Nella vicenda Telecom, comunque, ci sono parecchie cose che non quadrano. Perché il socio francese ha accettato appena un anno fa una clausola-capestro che dava al nuovo amministratore delegato ogni incentivo a farsi cacciare da Telecom? A rigor di logica non ci sono risposte, se non quella che l’azionista Vivendi avesse per l’appunto un interesse di breve periodo: far salire il più possibile le azioni del gruppo grazie alla cura da cavallo che Cattaneo prometteva di somministrare e poi usare quelle azioni rivalutate per un’operazione straordinaria. Due le piste: la vendita alla francese Orange o una fusione proprio con Mediaset. In quel caso Cattaneo sarebbe stato abbandonato al suo destino con la solida garanzia della clausola plurimilionaria.
Ma non è questa la sola cosa difficile da capire. Perché, ad esempio, Cattaneo è andato in rotta di collisione frontale con il governo sul tema della banda larga, cominciando ad investire anche nelle aree in cui Telecom aveva detto di non voler operare? La sua è una posizione all’apparenza inattaccabile: ha difeso – con la mancanza di diplomazia che gli è propria – gli interessi della società di fronte all’offensiva nel settore delle tlc portata avanti dall’Enel in cerca di legittimazioni politiche. Ma è difficile pensare che l’ad di Telecom non fosse conscio che il suo atteggiamento da cowboy non avrebbe irritato gli azionisti francesi, già abbastanza carichi di interessi e di guai in Italia. Che abbia cercato anche lui lo scontro con il socio forte in un’ottica – di sicuro redditizia – di breve periodo?

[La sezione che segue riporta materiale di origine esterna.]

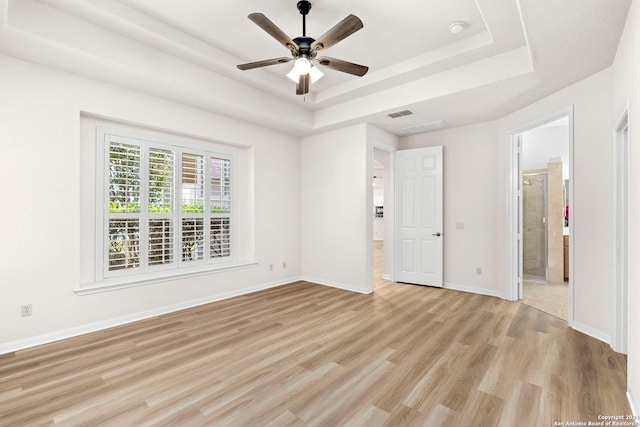 unfurnished bedroom featuring a tray ceiling, baseboards, visible vents, and light wood finished floors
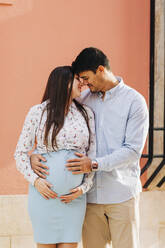Romantisches schwangeres Paar, das mit den Händen auf dem Bauch vor einer rosa Wand in der Stadt steht - DCRF00258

Quel che appare evidente, adesso, è che Bolloré sembra essersi messo in un vicolo cieco da cui dovrà faticare per uscire, con addosso gli occhi della magistratura, dell’Antitrust, dell’Agcom, che in aprile gli ha imposto di scendere entro un anno in una delle due società italiane, e buona ultima della Consob. Il titolo Telecom vale il 15% in meno di quando Cattaneo è arrivato e una società sempre più “bollorizzata” non pare destinata a grandi successi diplomatici con il governo italiano ed è legittimo attendersi che Palazzo Chigi, pur nel rispetto dovuto alle vicende di una società privata e quotata, non sia del tutto passivo di fronte alle sorti di un’azienda che in altre nazioni finirebbe senza dubbio nella sfera dell’interesse nazionale. Il casus belli creato da Cattaneo resta poi aperto: meglio per la società e tutti i suoi azionisti cercare un’intesa con il governo o meglio invece difendere il proprio investimento nella rete combattendo su ogni fronte la concorrente Open Fiber controllata da Enel e Cassa depositi e prestiti? In quanto alla partita Mediaset, Berlusconi si appella alla magistratura ma per sicurezza preferisce anche fare da solo: all’ultima assemblea, con il provvidenziale aiuto azionario di un vecchio amico vero come Ennio Doris, si è assicurato una blindatura che impedirà a Bolloré di conquistare la maggioranza assoluta. La “galette” può essere piatto appetitoso, ma se si fredda troppo – ogni bretone lo sa – diventa immangiabile.